The movie has been described as a Generation X film from Australia, although most of the students seem young enough to belong to that unnamed generation that has come along since X. True Xers, I think are now 30ish, and if you're 20ish you'd no more want to be described as an Xer than a hippie would want to be called a beatnik. Time flies; the generational nicknames ought to keep up with it.

The film's central characters are two roommates: Mia (Frances O'Connor), a lesbian who's breaking up with her girlfriend, and Alice (Alice Garner), who has a crush on one guy while another guy has a crush on her. The other potential romantic partners: Danni (Radha Mitchell), who in retaliation against Mia is seeing another woman; Ari (Matthew Dyktynski), the sort of playboy who Alice likes, and Michael (Matt Day), shy and inarticulate, who is in love with Alice.

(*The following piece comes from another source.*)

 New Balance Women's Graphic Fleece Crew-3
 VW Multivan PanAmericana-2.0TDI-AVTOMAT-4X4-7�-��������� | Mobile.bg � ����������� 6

All of these people are, of course, terminally cool about their sexuality. That's too bad, because a little uncertainty and doubt can make a great contribution to a comedy (see Kevin Smith's forthcoming "Chasing Amy," in which the hero's discovery that the girl he loves is a lesbian leads to inspired dialogue and deeply heartfelt misunderstandings). To put it another way, the characters in "Love and Other Catastrophes'' don't seem *needy* enough to require a movie about them; they're self-contained as they are.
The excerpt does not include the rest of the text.